◆ Try it
Only one stretch of the data below should be repeated: the lines from the line containing "Строение мочевого пузыря" through the line containing "Горная корова 1 — стоковое фото", inclusive, exactly as they are.

Material provided below:

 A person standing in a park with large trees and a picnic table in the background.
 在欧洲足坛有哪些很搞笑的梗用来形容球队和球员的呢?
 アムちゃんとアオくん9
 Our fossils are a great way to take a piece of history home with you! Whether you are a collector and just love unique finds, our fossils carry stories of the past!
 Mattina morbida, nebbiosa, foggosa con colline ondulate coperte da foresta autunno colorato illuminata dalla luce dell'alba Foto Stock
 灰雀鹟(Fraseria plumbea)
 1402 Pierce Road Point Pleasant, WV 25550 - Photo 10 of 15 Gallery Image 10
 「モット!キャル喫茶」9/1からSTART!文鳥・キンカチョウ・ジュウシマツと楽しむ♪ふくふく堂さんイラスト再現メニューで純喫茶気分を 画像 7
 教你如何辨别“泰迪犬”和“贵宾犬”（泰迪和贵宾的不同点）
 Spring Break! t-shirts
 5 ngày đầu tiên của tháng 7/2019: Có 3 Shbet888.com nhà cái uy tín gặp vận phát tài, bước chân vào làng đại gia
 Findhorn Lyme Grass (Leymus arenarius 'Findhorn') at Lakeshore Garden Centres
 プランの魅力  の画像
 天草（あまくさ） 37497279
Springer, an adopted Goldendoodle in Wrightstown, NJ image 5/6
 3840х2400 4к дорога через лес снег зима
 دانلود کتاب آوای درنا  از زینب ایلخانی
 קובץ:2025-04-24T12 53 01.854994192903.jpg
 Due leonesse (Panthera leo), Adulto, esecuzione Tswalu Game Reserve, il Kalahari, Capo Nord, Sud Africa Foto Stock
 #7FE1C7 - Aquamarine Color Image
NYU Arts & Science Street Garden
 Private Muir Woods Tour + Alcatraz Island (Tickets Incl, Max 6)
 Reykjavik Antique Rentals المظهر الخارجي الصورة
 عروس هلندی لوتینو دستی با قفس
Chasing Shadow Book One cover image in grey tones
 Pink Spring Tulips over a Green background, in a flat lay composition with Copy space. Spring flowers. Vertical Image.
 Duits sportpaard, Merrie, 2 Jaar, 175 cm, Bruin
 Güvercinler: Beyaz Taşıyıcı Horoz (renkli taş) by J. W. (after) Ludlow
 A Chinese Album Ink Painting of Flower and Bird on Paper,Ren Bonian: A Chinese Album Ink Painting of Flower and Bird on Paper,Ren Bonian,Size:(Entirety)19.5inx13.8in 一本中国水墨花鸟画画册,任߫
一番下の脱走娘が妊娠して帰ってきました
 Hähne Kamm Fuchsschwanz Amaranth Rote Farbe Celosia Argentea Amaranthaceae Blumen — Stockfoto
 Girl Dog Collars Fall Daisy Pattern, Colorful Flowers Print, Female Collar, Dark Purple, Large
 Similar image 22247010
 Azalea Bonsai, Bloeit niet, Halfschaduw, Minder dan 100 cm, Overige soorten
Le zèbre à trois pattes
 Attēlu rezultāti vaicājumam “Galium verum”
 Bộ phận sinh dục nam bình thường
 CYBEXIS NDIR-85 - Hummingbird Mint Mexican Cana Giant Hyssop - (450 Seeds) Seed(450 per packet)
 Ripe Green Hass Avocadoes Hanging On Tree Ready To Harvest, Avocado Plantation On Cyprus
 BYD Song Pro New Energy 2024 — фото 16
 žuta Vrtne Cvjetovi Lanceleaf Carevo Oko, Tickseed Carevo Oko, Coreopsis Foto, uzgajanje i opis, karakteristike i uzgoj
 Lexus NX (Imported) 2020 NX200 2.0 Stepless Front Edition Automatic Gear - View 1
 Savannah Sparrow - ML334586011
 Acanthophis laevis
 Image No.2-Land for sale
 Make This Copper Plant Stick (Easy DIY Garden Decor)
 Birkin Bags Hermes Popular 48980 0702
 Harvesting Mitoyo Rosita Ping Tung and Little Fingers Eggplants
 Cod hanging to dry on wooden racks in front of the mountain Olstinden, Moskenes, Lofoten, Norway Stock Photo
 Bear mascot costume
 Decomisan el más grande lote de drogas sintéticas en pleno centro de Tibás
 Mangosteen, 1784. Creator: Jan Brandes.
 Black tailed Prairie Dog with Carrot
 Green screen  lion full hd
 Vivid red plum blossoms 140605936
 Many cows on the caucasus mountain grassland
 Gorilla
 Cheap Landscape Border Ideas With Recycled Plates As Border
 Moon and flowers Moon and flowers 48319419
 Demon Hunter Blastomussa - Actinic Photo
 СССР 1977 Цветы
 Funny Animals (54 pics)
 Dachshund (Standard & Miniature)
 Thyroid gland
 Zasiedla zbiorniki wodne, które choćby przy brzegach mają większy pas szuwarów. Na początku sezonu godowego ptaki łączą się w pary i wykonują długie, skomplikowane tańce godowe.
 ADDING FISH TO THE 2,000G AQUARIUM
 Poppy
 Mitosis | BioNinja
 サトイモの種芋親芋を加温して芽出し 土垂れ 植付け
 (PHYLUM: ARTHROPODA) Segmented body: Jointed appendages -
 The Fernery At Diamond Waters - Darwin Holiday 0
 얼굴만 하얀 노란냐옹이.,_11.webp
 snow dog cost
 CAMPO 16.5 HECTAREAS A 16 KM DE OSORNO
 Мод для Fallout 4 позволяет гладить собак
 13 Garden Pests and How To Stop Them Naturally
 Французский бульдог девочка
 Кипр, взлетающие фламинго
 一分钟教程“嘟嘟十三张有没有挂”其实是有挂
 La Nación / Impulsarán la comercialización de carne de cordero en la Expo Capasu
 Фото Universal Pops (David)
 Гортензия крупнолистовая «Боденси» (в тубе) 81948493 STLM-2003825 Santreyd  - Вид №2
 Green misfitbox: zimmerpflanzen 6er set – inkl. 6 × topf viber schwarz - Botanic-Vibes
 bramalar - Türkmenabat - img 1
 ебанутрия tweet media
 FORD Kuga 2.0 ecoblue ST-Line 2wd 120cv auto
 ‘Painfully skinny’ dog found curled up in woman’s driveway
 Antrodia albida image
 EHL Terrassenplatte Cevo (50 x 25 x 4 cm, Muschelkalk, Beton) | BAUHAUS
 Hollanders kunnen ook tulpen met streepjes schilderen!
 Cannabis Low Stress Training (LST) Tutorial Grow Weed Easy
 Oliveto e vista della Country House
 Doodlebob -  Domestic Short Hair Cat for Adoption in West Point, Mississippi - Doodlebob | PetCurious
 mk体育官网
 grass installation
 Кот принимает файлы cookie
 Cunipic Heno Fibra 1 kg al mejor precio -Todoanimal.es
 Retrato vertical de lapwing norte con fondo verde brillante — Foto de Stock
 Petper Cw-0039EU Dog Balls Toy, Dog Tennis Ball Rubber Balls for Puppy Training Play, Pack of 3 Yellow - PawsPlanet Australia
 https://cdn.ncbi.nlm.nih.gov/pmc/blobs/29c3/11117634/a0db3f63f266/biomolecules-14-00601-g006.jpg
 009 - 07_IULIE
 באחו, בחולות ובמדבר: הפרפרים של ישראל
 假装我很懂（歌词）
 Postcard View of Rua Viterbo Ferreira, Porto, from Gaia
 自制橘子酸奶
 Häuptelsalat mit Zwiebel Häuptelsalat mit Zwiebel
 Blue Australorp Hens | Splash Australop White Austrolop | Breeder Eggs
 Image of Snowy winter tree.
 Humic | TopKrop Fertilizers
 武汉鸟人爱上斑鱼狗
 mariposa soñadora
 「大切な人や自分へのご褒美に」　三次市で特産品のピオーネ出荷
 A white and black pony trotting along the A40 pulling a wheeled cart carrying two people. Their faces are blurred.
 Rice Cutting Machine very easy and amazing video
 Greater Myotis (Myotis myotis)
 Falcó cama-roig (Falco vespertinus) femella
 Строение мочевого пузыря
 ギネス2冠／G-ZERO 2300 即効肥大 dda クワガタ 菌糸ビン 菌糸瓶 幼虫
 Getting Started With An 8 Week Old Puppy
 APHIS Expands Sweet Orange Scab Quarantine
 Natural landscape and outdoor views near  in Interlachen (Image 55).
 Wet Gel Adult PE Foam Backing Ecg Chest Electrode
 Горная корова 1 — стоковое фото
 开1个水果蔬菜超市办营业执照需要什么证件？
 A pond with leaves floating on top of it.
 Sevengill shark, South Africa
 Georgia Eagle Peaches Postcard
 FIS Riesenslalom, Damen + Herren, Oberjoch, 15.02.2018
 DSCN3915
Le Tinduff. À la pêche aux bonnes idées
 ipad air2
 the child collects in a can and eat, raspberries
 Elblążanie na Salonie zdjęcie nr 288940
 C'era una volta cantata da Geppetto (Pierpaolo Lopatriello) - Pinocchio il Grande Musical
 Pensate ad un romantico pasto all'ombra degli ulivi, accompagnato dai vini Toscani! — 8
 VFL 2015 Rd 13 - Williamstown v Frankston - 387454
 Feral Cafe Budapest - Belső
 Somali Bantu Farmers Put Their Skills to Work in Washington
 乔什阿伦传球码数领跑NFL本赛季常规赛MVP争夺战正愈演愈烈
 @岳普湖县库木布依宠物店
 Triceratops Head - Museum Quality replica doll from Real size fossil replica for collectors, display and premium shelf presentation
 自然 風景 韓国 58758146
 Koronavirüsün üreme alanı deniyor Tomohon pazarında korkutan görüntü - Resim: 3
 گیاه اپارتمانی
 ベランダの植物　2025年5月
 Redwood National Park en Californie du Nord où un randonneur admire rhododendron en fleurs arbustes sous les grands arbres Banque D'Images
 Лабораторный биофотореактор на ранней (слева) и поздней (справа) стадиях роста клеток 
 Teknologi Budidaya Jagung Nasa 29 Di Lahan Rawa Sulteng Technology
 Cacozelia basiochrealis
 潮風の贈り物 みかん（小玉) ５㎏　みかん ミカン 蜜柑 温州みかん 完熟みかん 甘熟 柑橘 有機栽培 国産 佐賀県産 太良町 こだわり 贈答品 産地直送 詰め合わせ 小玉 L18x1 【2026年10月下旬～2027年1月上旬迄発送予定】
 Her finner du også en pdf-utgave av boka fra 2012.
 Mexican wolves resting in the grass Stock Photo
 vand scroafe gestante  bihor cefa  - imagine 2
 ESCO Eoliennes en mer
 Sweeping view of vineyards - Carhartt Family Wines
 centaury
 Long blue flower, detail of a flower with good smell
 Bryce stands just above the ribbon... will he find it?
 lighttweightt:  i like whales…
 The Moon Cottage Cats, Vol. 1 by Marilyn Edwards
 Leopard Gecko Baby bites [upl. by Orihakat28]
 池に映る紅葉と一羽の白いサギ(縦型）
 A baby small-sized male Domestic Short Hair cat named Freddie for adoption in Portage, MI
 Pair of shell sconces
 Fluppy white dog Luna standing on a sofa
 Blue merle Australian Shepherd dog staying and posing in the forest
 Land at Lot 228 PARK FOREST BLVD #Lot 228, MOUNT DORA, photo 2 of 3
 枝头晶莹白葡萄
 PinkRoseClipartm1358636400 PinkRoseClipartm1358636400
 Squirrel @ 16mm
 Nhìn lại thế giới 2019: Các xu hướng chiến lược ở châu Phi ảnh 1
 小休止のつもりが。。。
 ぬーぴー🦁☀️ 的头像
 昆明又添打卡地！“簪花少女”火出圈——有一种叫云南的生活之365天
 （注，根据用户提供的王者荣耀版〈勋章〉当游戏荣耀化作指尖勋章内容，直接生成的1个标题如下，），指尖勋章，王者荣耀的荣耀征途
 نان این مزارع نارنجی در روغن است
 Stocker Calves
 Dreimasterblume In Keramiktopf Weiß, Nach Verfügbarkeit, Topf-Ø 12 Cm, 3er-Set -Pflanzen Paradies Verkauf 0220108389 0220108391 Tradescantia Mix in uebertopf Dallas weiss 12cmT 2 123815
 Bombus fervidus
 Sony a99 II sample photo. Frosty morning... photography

End of Material provided.

◆ Your response
 Строение мочевого пузыря
 ギネス2冠／G-ZERO 2300 即効肥大 dda クワガタ 菌糸ビン 菌糸瓶 幼虫
 Getting Started With An 8 Week Old Puppy
 APHIS Expands Sweet Orange Scab Quarantine
 Natural landscape and outdoor views near  in Interlachen (Image 55).
 Wet Gel Adult PE Foam Backing Ecg Chest Electrode
 Горная корова 1 — стоковое фото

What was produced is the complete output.